Transactional politics in African elections is an inevitable hangover of the colonial history and Americanising influence of elections on the continent. In the United States which is widely regarded as the birthplace of liberal democracy, for instance, a large part of campaign fundraising and expenditure does not involve the candidates and their political parties but Political Action Committees whose campaign activities are less regulated than those of the political parties and candidates. Given how these practices contribute to the crisis of democracy in the United States, it is not surprising that their effects will be similarly negative for African countries that choose to adopt them.

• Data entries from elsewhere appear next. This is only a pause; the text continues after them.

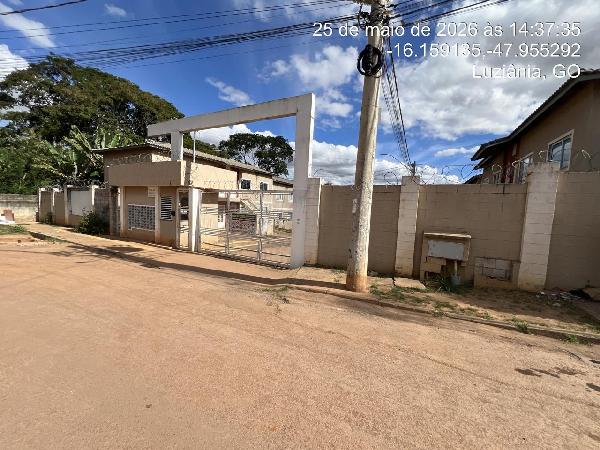 Vende-se em Luziania-GO  apto, 48.07 de área total, 44.23 de área privativa,  2_qto(s), a.serv, 1_sala(s), cozinha, 1_vaga(s) de garagem.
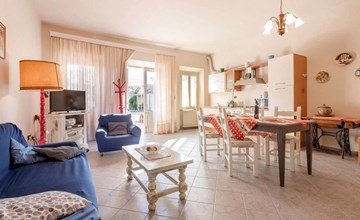 Unterkunft in einer Villa, Schwimmbad und großer Garten 3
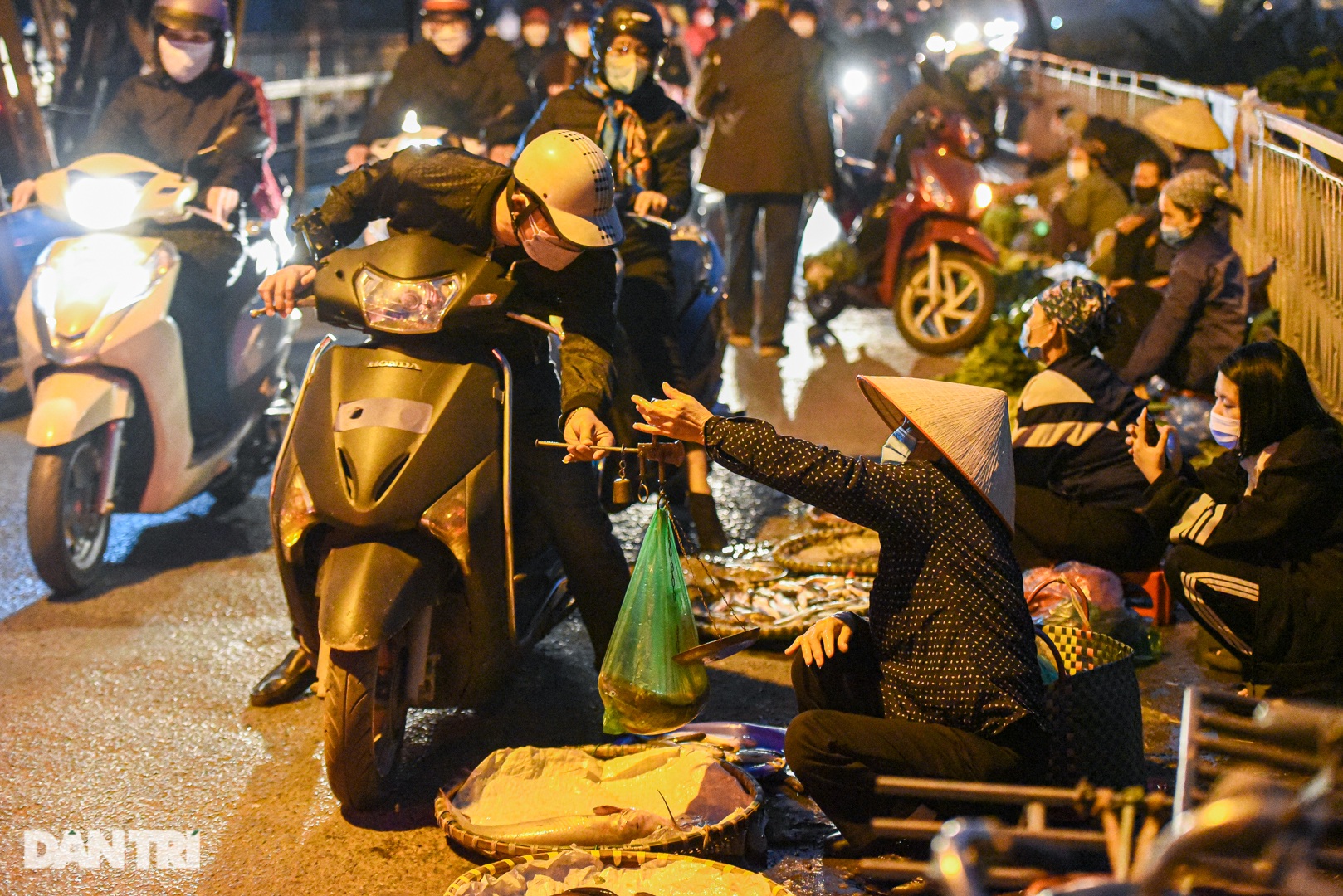Cảnh họp chợ lộn xộn, giao thông ùn ứ trên cây cầu trăm tuổi ở Hà Nội - 8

The implications of these obscene deployments of largely ill-acquired wealth during elections for democratic governance are not farfetched. Elsewhere, leaders are chosen mainly based on their ability to connect with electors through their manifestoes, vision, integrity, intellect, charisma and competence. Contrariwise, leadership selection processes in Nigeria and other largely Americanised electoral systems in Africa continue to be oriented towards money-bag politicking.

Moreover, it is evident that the increasing desperation for power by money-bag politicians is to allow them access to the enormous spoils and paraphernalia that are attached to political positions at all levels of governance in Nigeria. As a consequence, both the ruling APC and the main opposition PDP have relegated robust discussion around the critical issues bedevilling Nigeria, such as insecurity, the Niger Delta question, Biafra separatism, economic recession, rising debt profile, internal population displacement, ASUU strike and energy crisis, to the background. Nigerians are being killed daily in different parts of the country by various criminal gangs, with rural communities (especially in the north) being overrun by bandits who kill, maim, rape and impose ‘taxes’ on the people. Instead of addressing these issues that are critical from the perspective of the people, the struggle for state power is the main focus for the elite because of the unlimited access it grants politicians and their patrons and cronies for the pursuit of their private ends.

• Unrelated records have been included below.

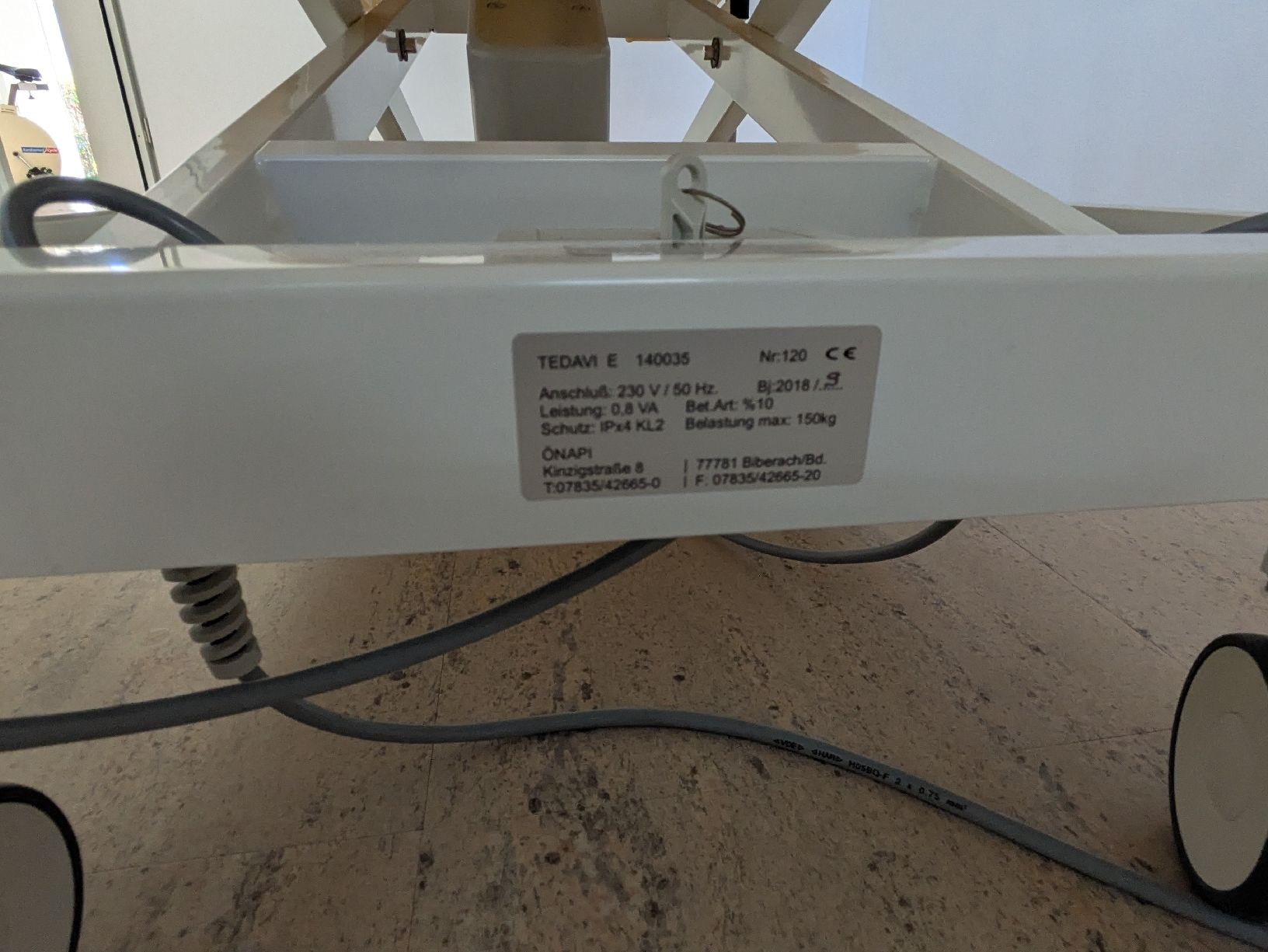 Sedie a sdraio: Behandlungsliege/ Massageliege – Usato da Windisch venduto da nintschg 4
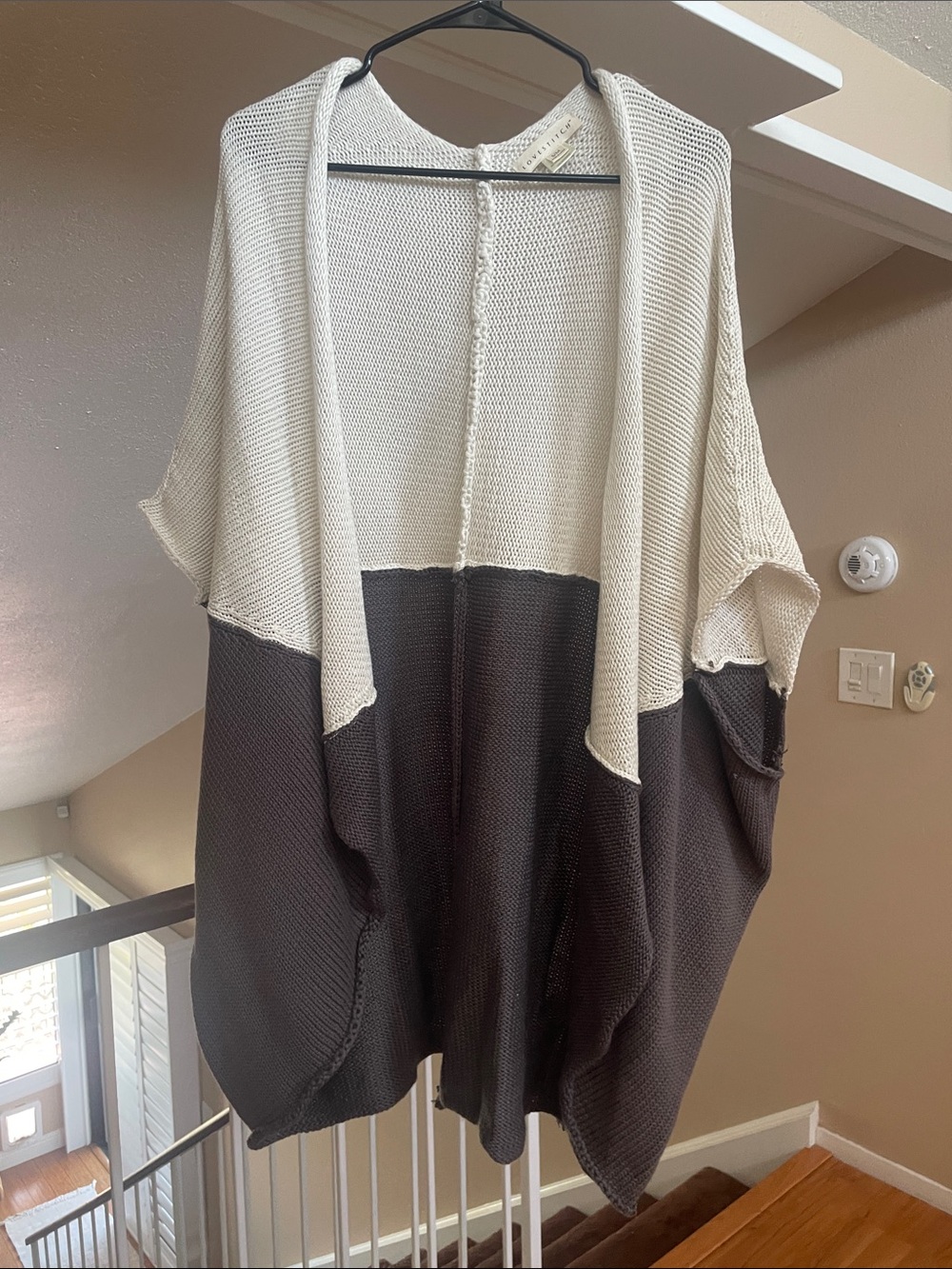 lovestitch Two-Tone Open-Front Sweater Cardigan in Cream & Dark Gray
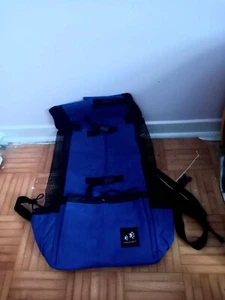 One Medium Dog Carrier Dog Hiking Blue Backpack Never Used In Good Condition - Bild 1 von 3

Further, the monetisation of politics interacts with other unethical electoral behaviour to enthrone voter apathy, especially among young people with a lean financial base. Compared to the average voter turnout of 65-70 per cent in other regions, a report from Nigeria’s election management body―the Independent National Electoral Commission―shows that in the last two electoral cycles, including off-season elections, voter turnout across Nigeria hovered around 30–35 per cent. The progressive decline in voter participation stems principally from low public trust in state institutions arising from unfulfilled promises by elected officials who bulldozed their way to public offices through their heavy financial war chest. Hence, public accountability easily gets compromised the moment state capture exists because political power becomes mere prebends to be parcelled out in line with the cravings of political patrons and other neo-patrimonial interests.

There is an urgent need to have a conversation around the minimal expectation of governance and the values that should drive public office in Nigeria and other African states where the ethos of liberal democracy is being entrenched. This conversation is unnegotiable if African democracies must be extricated from the prevailing culture of transactional politics. The bazaars and financial shoot-outs under the guise of party primaries in which the highest bidders secure their parties’ tickets should be reconsidered because a compromised candidate selection process cannot guarantee the election of credible leaders. In all, the Americanised delegate electoral system in Nigeria and some other African countries should be rethought because of its susceptibility to transactional politics and state capture.